當真が演じるサチは、歳の離れた兄の無事を祈りながら懸命に生きる少女だ。「この作品に参加させていただけたことで、雪風という駆逐艦について知る機会ができました。駆逐艦の使命を全うしながらも一生懸命に生き抜こうとする力強い姿に心打たれました。私が演じさせてもらったサチは、そんな駆逐艦に兄が乗船しており、そんな兄を思いながらも、自身も国のためにと働きます」と作品に参加できたことに感謝。「この作品を見ていただく方に、改めて戦争とは何だったのかを知ってもらえる作品だと思います。特に、私と同じ世代の方は、戦争についてあまり知らないという人もいると思います。この作品をきっかけに知っていただけるといいなと思います」と、奥平同様、同世代に作品が戦争を知る機会になれば、と期待した。

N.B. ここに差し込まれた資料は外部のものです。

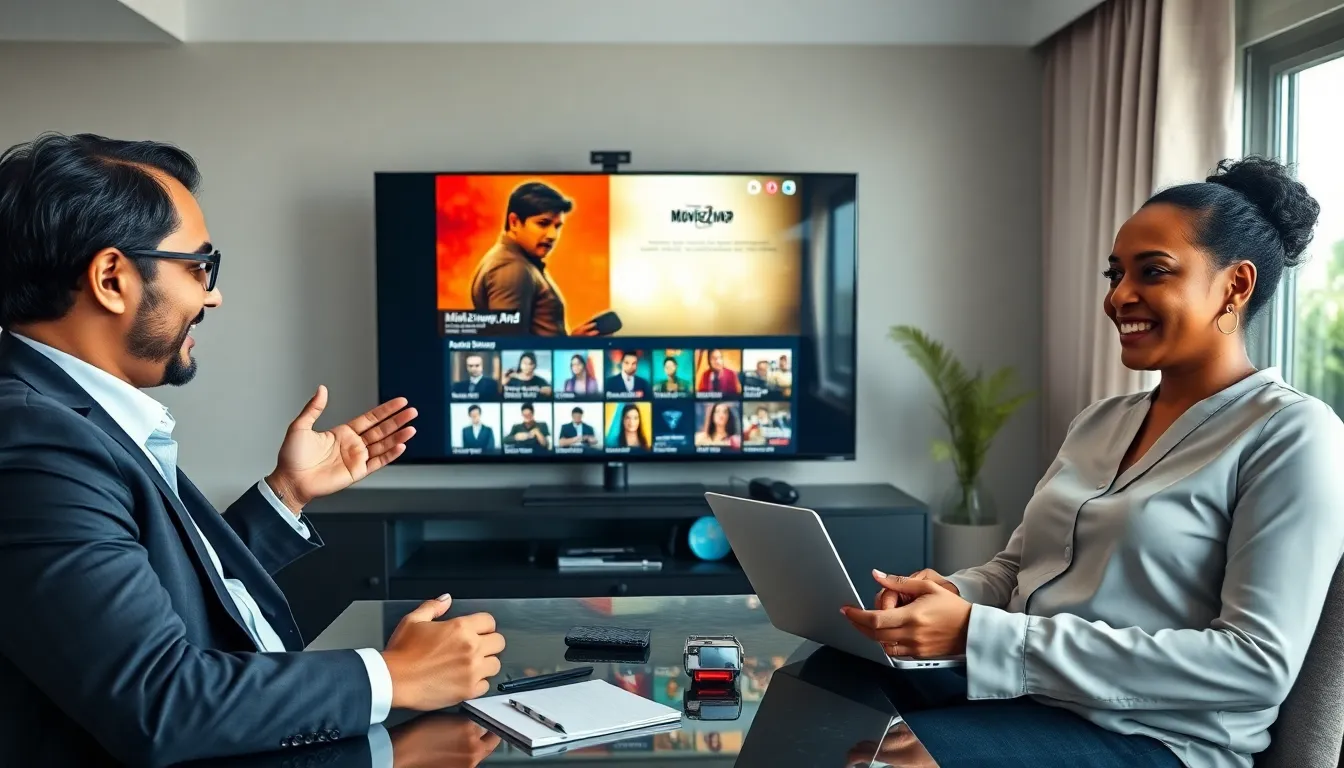 diverse professionals collaborating on Hindi cinema in a modern home office.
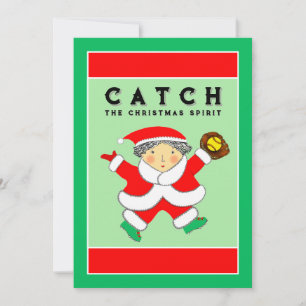 Softball Christmas Holiday Card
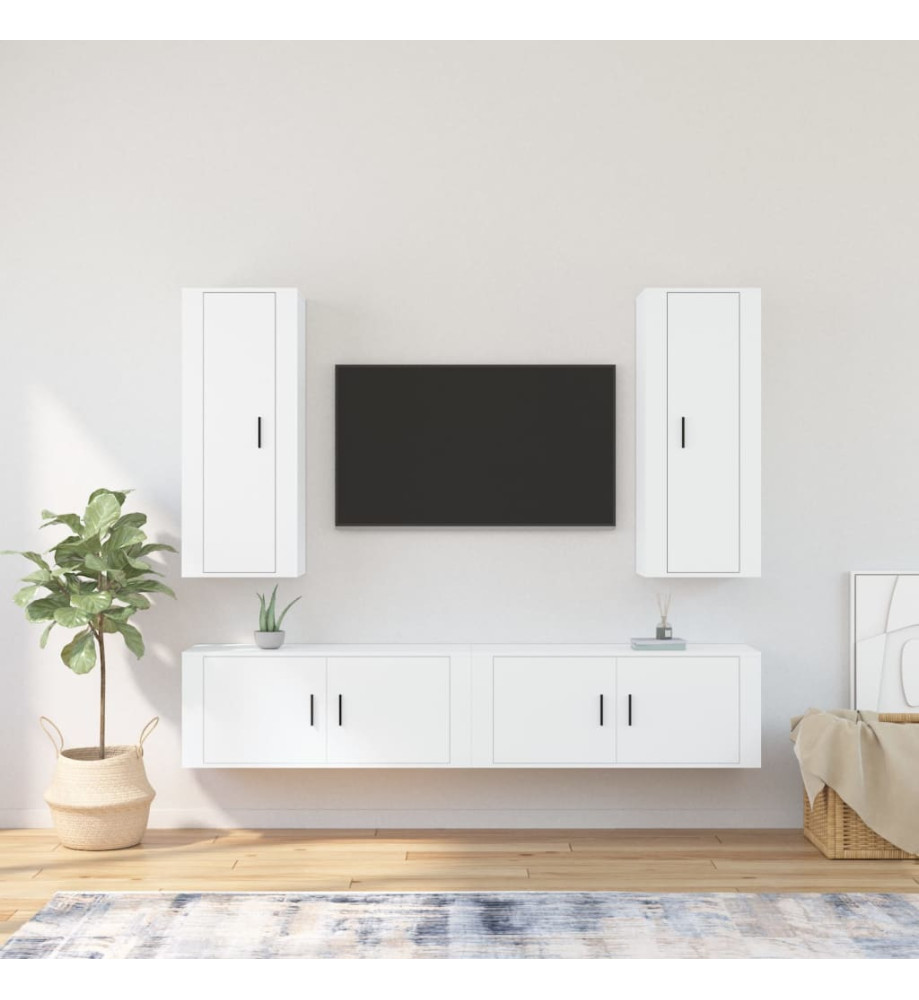 Ensemble de meubles TV 4 pcs Blanc Bois d'ingénierie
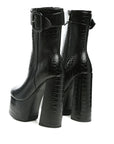 Bumpy Croc High Block Heeled Chunky Ankle Boots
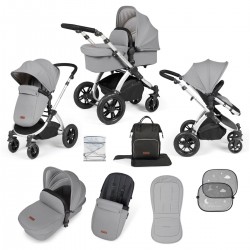 Ickle Bubba Stomp Luxe 2 in 1 Pram Bundle, Pearl Grey / Silver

田中は、幼い1人娘を育てながら艦長である夫の帰りを毅然(きぜん)とした態度で待ち続ける女性を、見事なまでに演じ切った。「まずはこの映画に参加させて頂き、命の重さ、大切さを改めて感じることができましたことに感謝です。望む望まざるにかかわらず時代に翻弄(ほんろう)されながらも前を向き、必死に生き抜いてきた人々への尊敬の念を抱かずにはいられません」と出演に感謝。「かつてこの国に戦争があったこと、そして今も世界のどこかで尚も起こっている出来事から目を背けず、それを知ることの意義はとても大切だと感じています。たくさんの方々に映画を見ていただきながら改めて平和への想いを感じてくださる時間を過ごして頂ければ幸いです」と作品を通して戦争を知って欲しいと訴えた。
中井は、伊藤整一を演じるにあたり「雪風が持っていた幸運は、艦長や乗員たちとともに雪風自身が呼び寄せたものではないでしょうか」と、雪風への考え方を示した。その上で「『戦いに行く』ということより『人を救う』ことを考える艦は、やはり生き残るのです。人間もまた同じ。いまだに、戦火が止むことのない時代。雪風は、我々にいろいろなことを教えてくれているような気がします」と続けた。
悲運の提督・伊藤整一は、これまでいくつもの作品で描かれてきた。53年の映画「戦艦大和」(阿部豊監督)で高田稔さん、63年の映画「太平洋の翼」(松林宗恵監督)では藤田進さん、81年の映画「連合艦隊」(同)では鶴田浩二さん、90年のフジテレビ系ドラマ「戦艦大和」では仲代達矢(92)同年のTBS系ドラマ「愛と哀しみの海 戦艦大和の悲劇」では田村高廣さん、05年の映画「男たちの大和/YAMATO」(佐藤純彌監督)と名優が演じ続けてきた伊藤を、中井がどう演じるかに注目だ。
また、軍令部作戦課長・古庄俊之役を石丸幹二、志津の父葛原芳雄を益岡徹、雪風の砲術長・有馬岩男役を藤本隆宏、航海長・中川義人役を三浦誠己、水雷長・佐々木伊織役を山内圭哉、機関長・藤井道郎役を川口貴弘、主計長・佐藤捨造役を中林大樹、大和艦長・有賀幸作を田中美央が、それぞれ演じる。